The "Peter" mentioned eventually became Don Draper on "Mad Men."
In the show, Dick Whitman (Jon Hamm) steals Lieutenant Don Draper's (Troy Ruptash) identity. The page below from Weiner's "Horseshoe" script describes Dick's death.
From the script:
Dick strikes a match against his shoe.
The spark of the match sets off the gas from the latrine. The whole thing EXPLODES into a million pieces.
EXT. CAMP — LATER
Peter lies on his face bleeding badly. He groggily tries to stand but falls back again with his face in the mud.
He looks over to Dick. Dick is dead -- his body cut in half by a wooden toilet seat.
Peter crawls to him. He touches his neck for a pulse. There is nothing. His fingers catch under Dick's gold cross.
Summoning all his strength, Peter undoes Dick's dog tags and cross and replaces them with his own.
Exhausted, he drops his face back into the dirt. He closes his eyes, unconscious.
This is the exact same way Donald Draper met his fate during the "Nixon vs. Kennedy" flashback.
The pages below later became the scene in which "Dick's" body is delivered to his family, when, in actuality, it's Donald Draper's body in the coffin.
Dick (Hamm), who has now taken the identity of his lieutenant, sneaks away on a train.
Just like on "Mad Men," Dick's younger brother Adam (also named Adam in "The Horseshoe"), spots his real brother on the train, though nobody believed him at the time.
Going through some of the script pages, "Mad Men" fans will notice some of the names in "The Horseshoe" also look familiar.
Weiner later used the name Peggy for the character of Peggy Olson (Elisabeth Moss). Meanwhile, Peter became Pete Campbell (Vincent Kartheiser).
On "Mad Men," Peggy and Pete are two of the younger members of Sterling Cooper. In season one, Pete and Peggy have an affair. In "The Horseshoe," Peggy is the name of Peter's mother.
Also interesting among the notes and scribblings which accompany "The Horseshoe" is this index card:
The card reads: "Ossining- Comes off train; Solder gets out of the way to reveal him in Business suit + Hat. Wife + Boy + Girl."
The first and last scenes of "The Horseshoe" were supposed to be set in Ossining, New York, which eventually became the setting for the Draper family home.
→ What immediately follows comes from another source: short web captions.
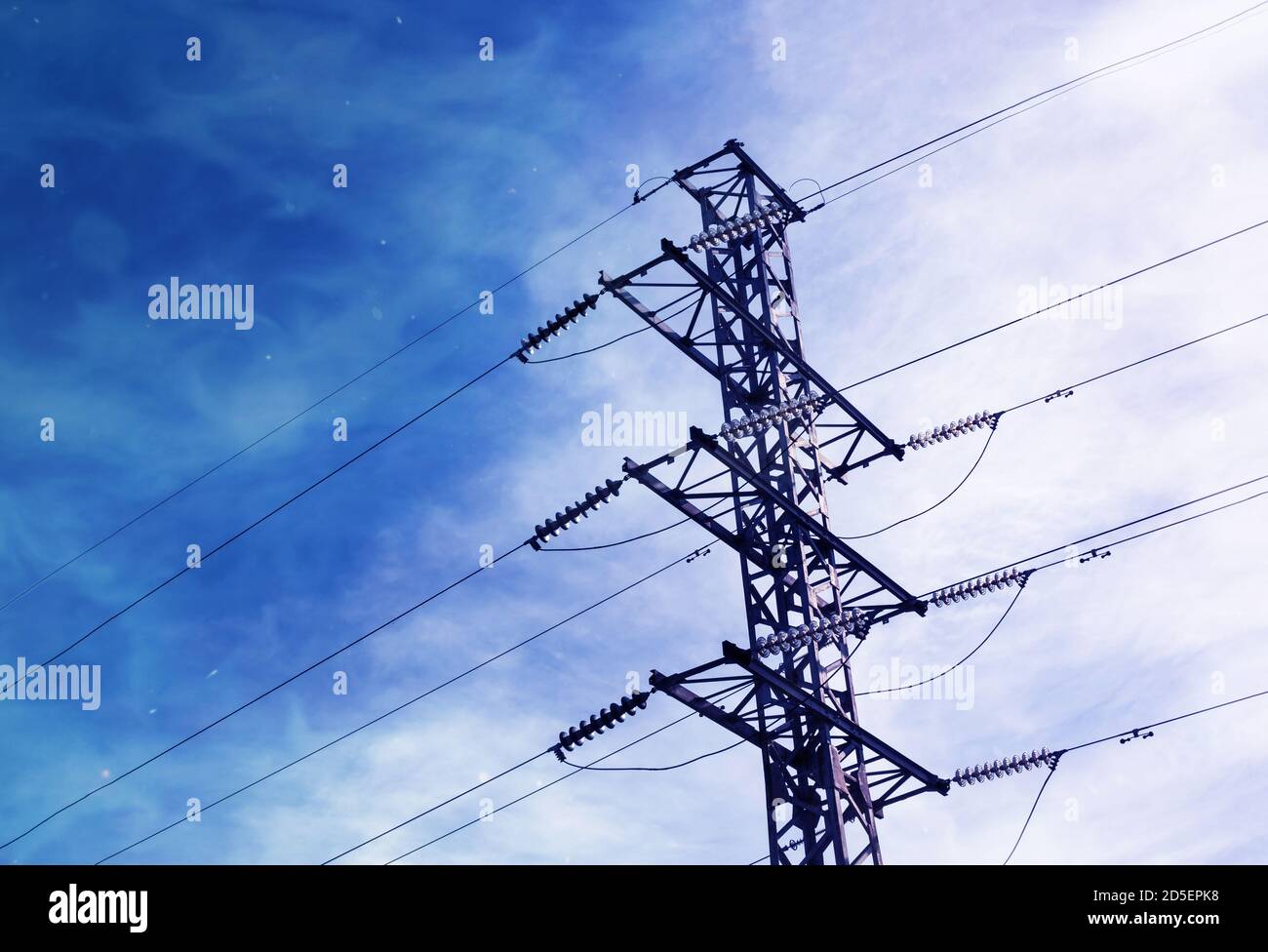 Energy distribution high voltage power line tower with wires Stock Photo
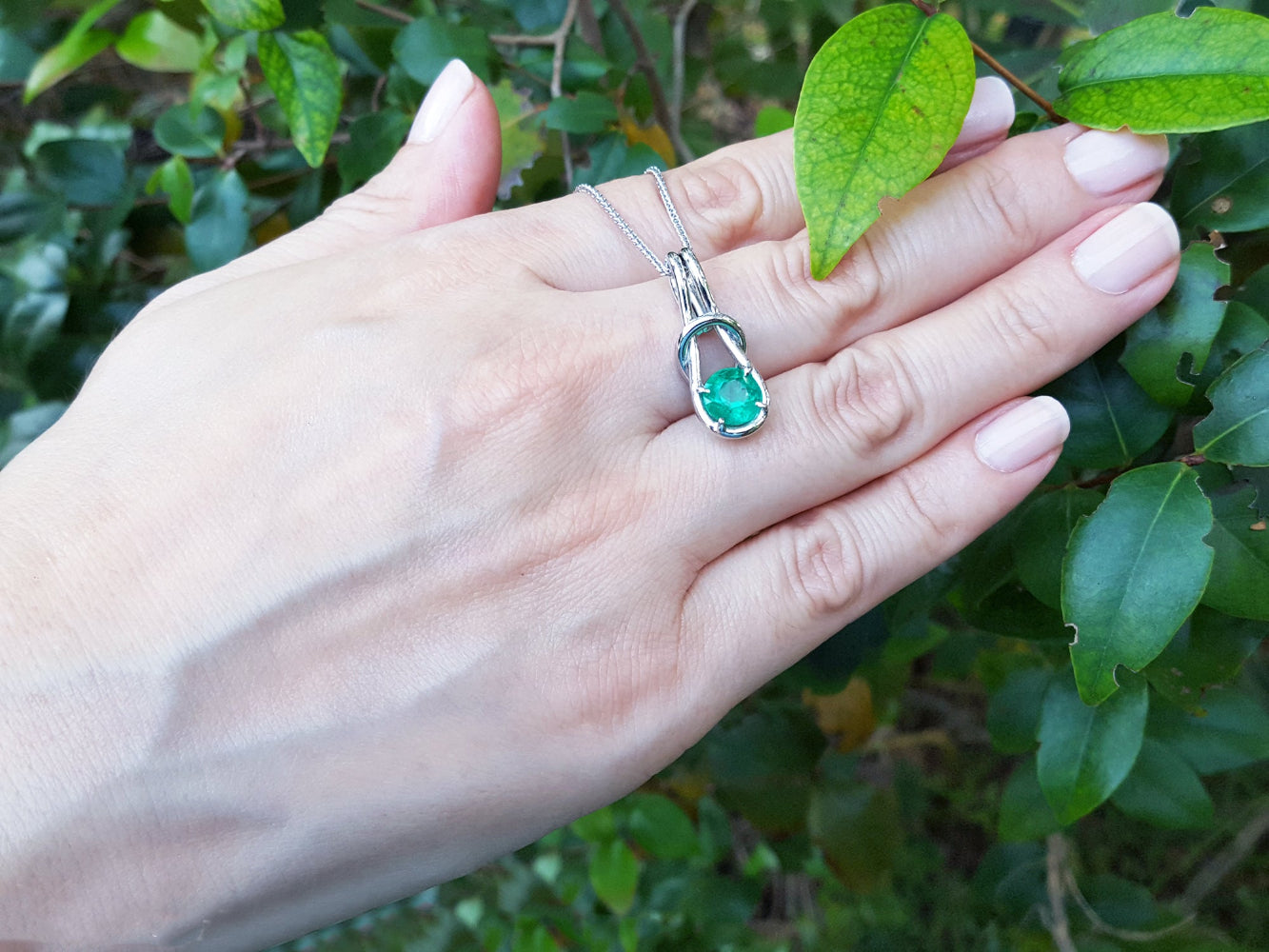 Hand displaying a necklace with an emerald pendant against a green leafy background.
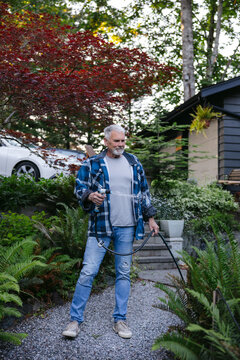 Senior man watering garden with hose in relaxed backyard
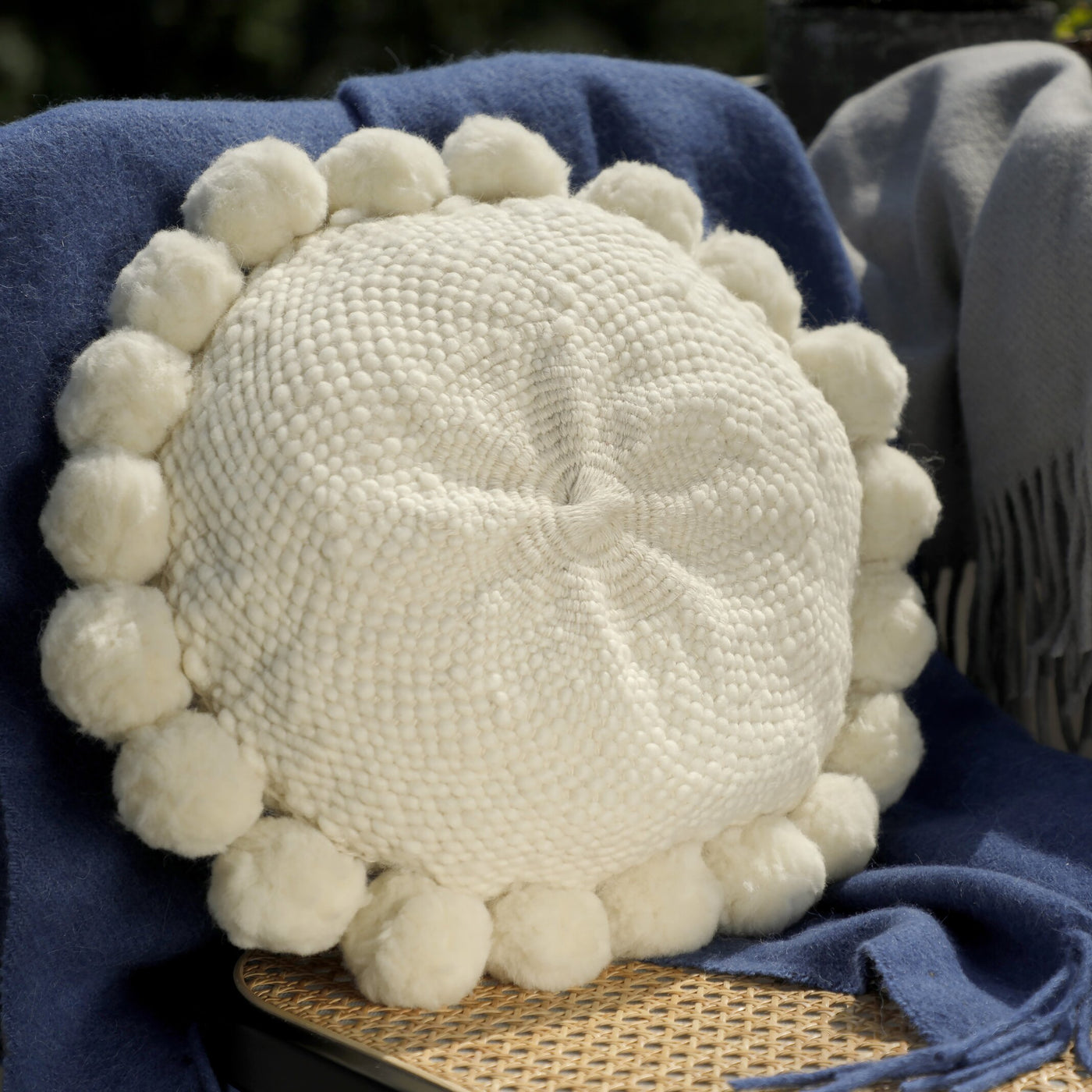 Cojín redondo de lana de oveja con pompones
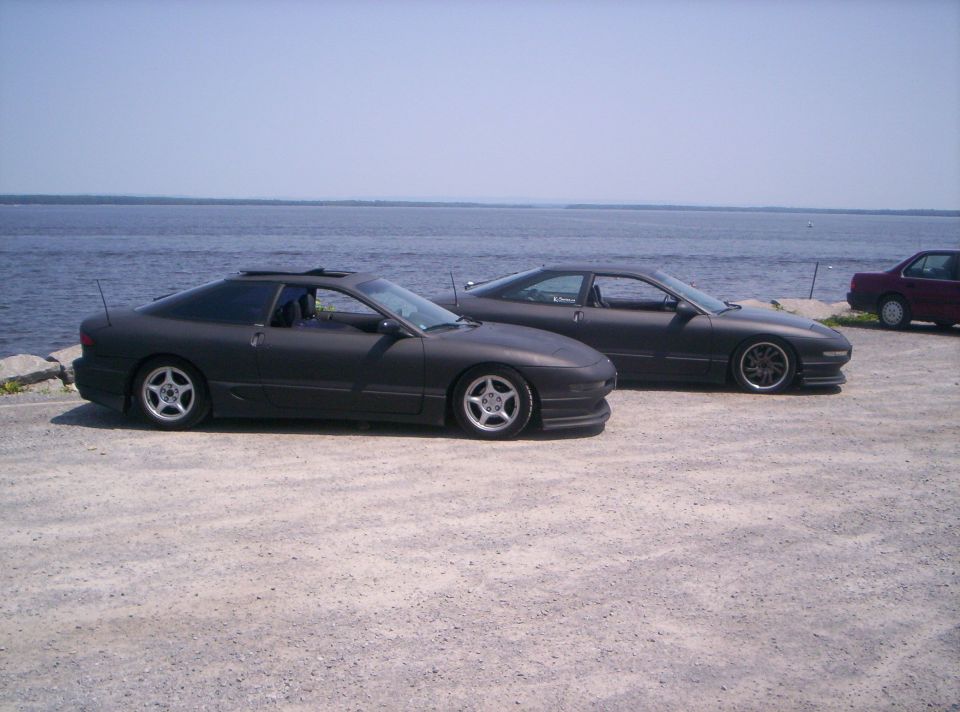 Two matte-black Ford Probe coupes parked on gravel by water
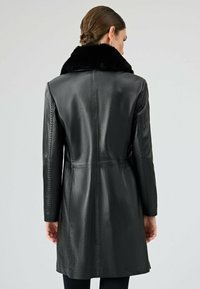 Czarna skórzana kurtka z kołnierzem z sztucznego futra, o dopasowanym kroju, długich rękawach i długości średniej. Gładka faktura z widocznymi szwami.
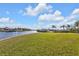 Expansive grassy yard leading to a serene canal at 18138 Eau Gallie Cir, Port Charlotte, FL 33948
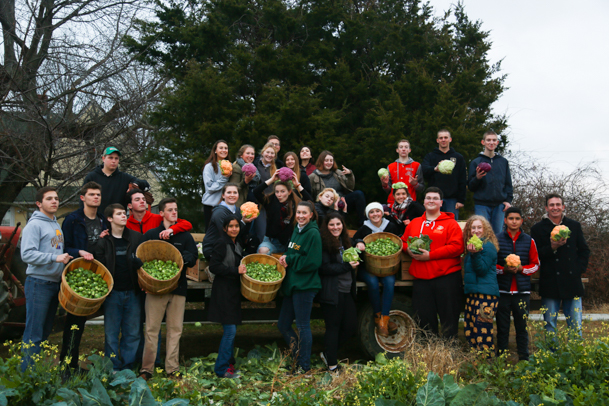 The Southold high school students pose for a photo with the produce they collected.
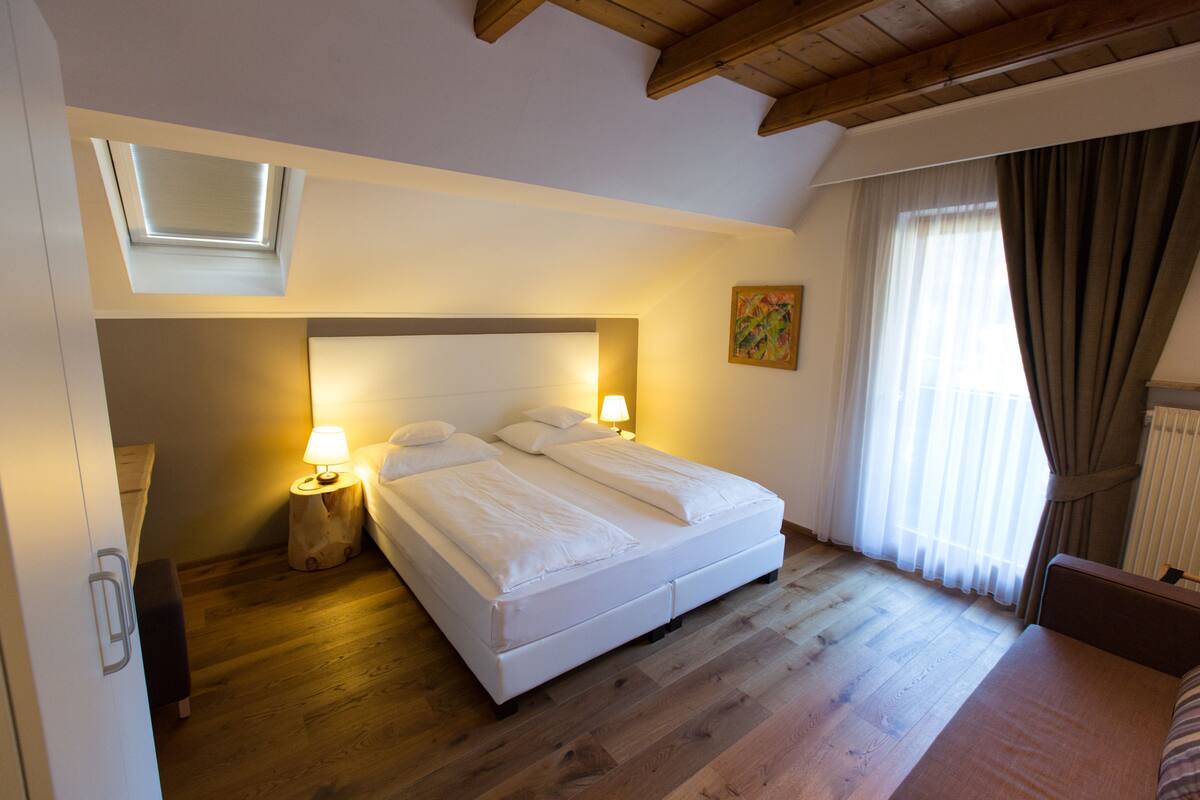 Een slaapkamer met een groot bed, dakraam, nachtkastje met lamp en raam met gordijnen.
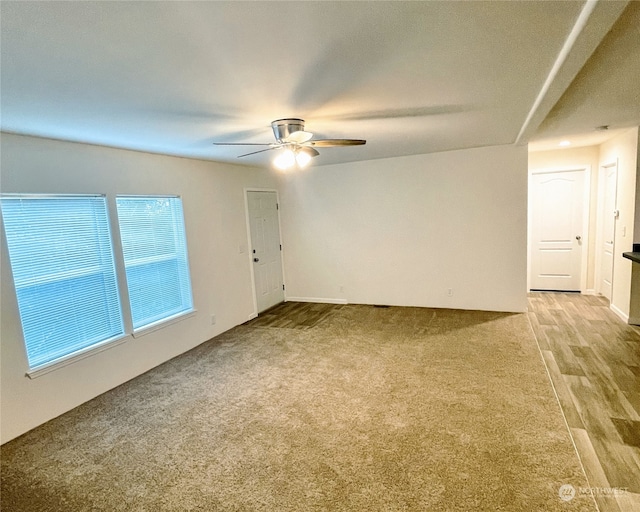 unfurnished room with light wood-type flooring and ceiling fan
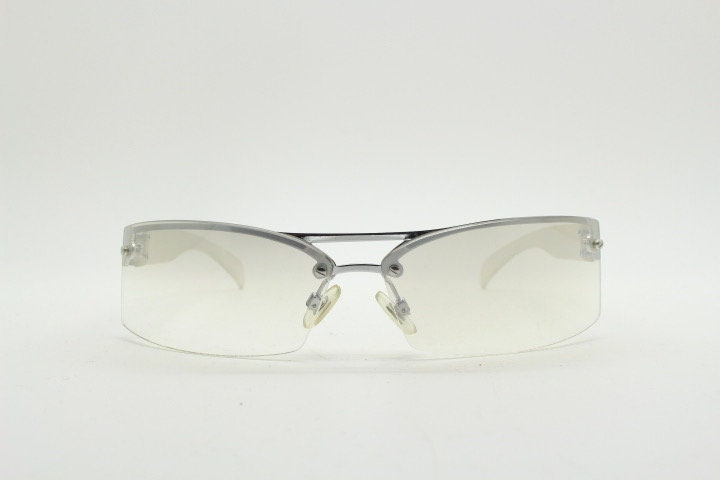 Y2K vintage wraparound sunglasses. Sick fashion grail half frame in silver chrome with extra light tone curving mirrored lenses. 2000's NOS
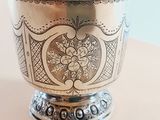 someone is taking a picture of a silver bowl on a table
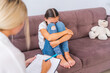 unhappy crying pre-adolescent girl talks to psychologist, hugging her knees at home or in office, expressing emotions. sad teenage girl listens to psychologist at meeting, thinking about her problems.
Unfortunately, this page was not on display, and was possibly never written.
However, the show's first episode, entitled "Smoke Gets in Your Eyes," ends with Don getting off a train from New York City to Ossining where it's revealed the adulterous Draper is actually a family man.
The "Mad Men" exhibit at the Museum of the Moving Image will be open until June 14.